**To do**
When you reproduce these records, keep every word exactly and drop the images.

**Supplied data**
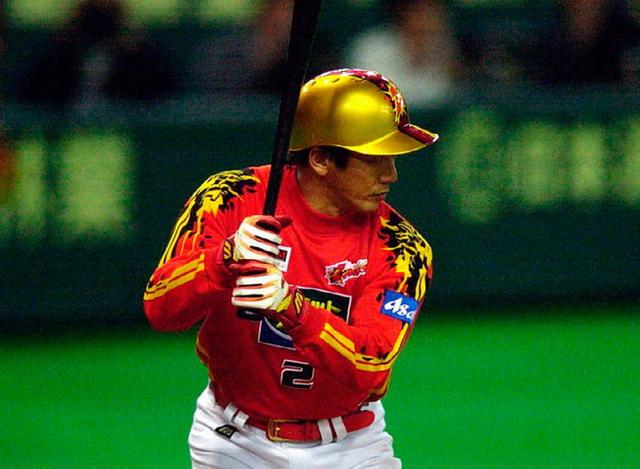 村上龙与《跑啊!高桥》:一部废柴星人纪实录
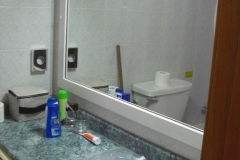 garden-view-holiday-complex-zimmer-11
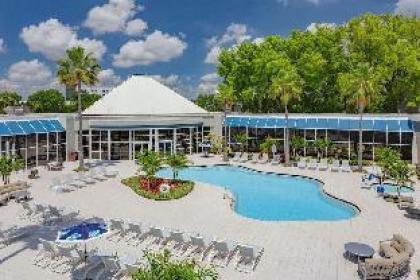 Park Inn by Radisson Resort & Conference Center Orlando- Near Disney - image 20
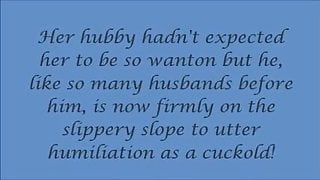 Good Morning Vietnam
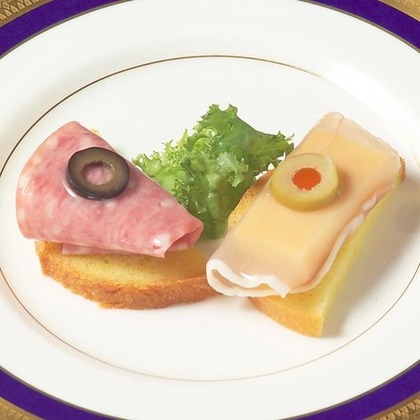 A&K STUDIO CO.,LTD.（上野 晃嗣）が撮影した「:albumName」の写真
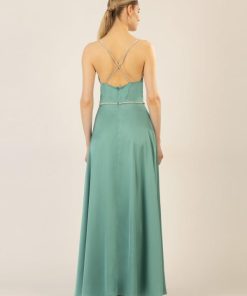 Cashmerecove.shope9c27843fe 2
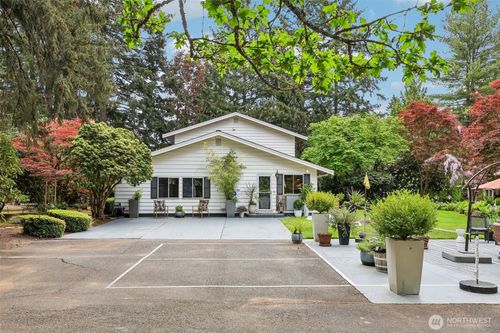 15408 Waller Rd E, Tacoma, WA, 98446-1532 | Card Image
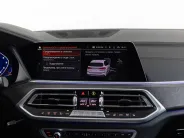 BMW X5 xDrive40i M Sport Pro IV (G05/G18), 2023 — экстерьер, фото 22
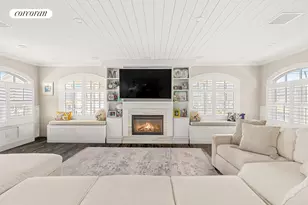204-14 7th Ave, New York City, NY 11697 - Photo 3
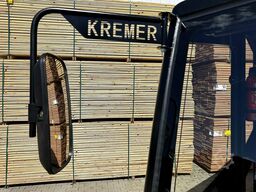 Kremer KRS 500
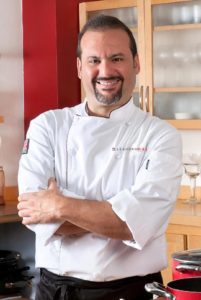 fc190d4ff33b8a144b1690fe1f0a5f70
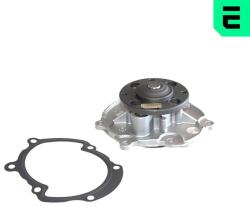 OPTIMAL Pompă de apă, răcire motor OPTIMAL AQ-2226 (AQ-2226)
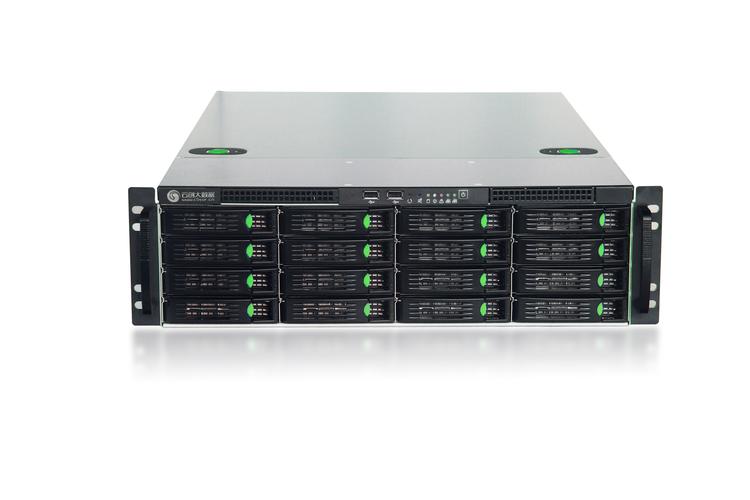 云服务器xserver
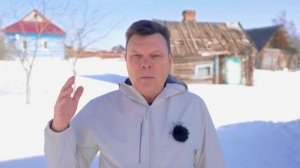 328-й выпуск "В кольце друзей"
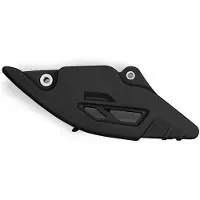 Ufo Hu04313 Kettenführung
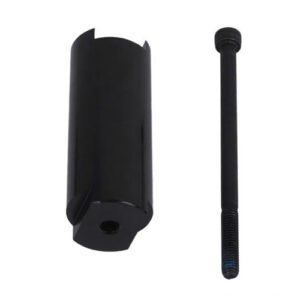 Extender 7 - Image 1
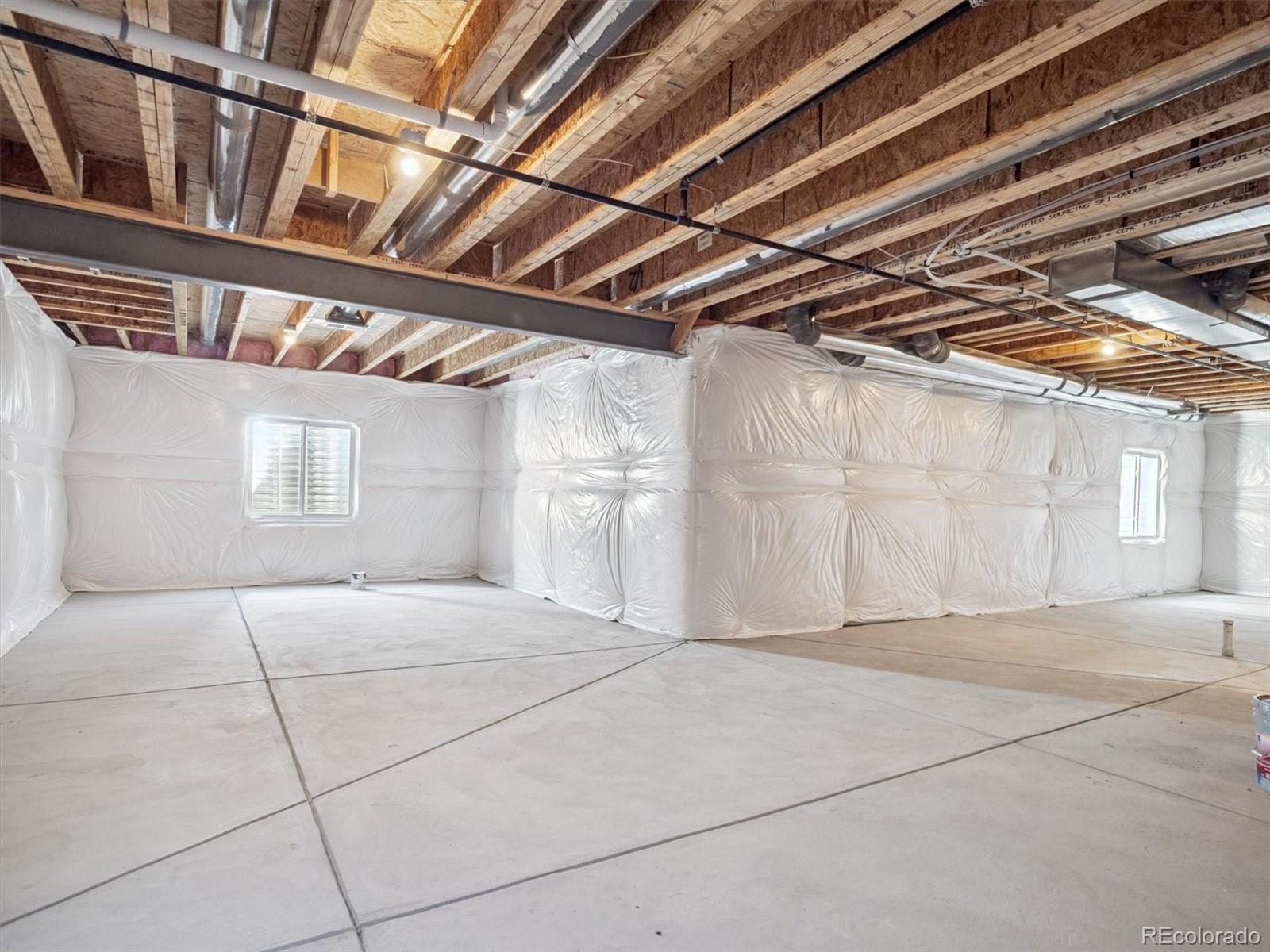 13770 Emerald Lake Street Parker CO 80138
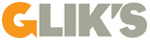 "Glik’s Coupon Code" "Glik’s Promo Code" "Glik’s Promotion Code" "Glik’s Discount " "Glik’s Voucher Code"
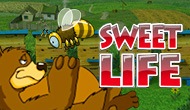 Sweet Life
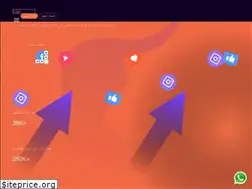 Sites similar to boxfiy.com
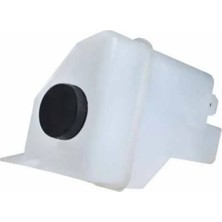 Özgürce Su Fışkıran, Pratik ve Şık Bahçe Dekorasyonu Aracı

**Response for this exercise**
 村上龙与《跑啊!高桥》:一部废柴星人纪实录
 garden-view-holiday-complex-zimmer-11
 Park Inn by Radisson Resort & Conference Center Orlando- Near Disney - image 20
 Good Morning Vietnam
 A&K STUDIO CO.,LTD.（上野 晃嗣）が撮影した「:albumName」の写真
 Cashmerecove.shope9c27843fe 2
 15408 Waller Rd E, Tacoma, WA, 98446-1532 | Card Image
 BMW X5 xDrive40i M Sport Pro IV (G05/G18), 2023 — экстерьер, фото 22
204-14 7th Ave, New York City, NY 11697 - Photo 3
 Kremer KRS 500
 fc190d4ff33b8a144b1690fe1f0a5f70
 OPTIMAL Pompă de apă, răcire motor OPTIMAL AQ-2226 (AQ-2226)
 云服务器xserver
 328-й выпуск "В кольце друзей"
 Ufo Hu04313 Kettenführung
 Extender 7 - Image 1
 13770 Emerald Lake Street Parker CO 80138
 "Glik’s Coupon Code" "Glik’s Promo Code" "Glik’s Promotion Code" "Glik’s Discount " "Glik’s Voucher Code"
 Sweet Life
 Sites similar to boxfiy.com
 Özgürce Su Fışkıran, Pratik ve Şık Bahçe Dekorasyonu Aracı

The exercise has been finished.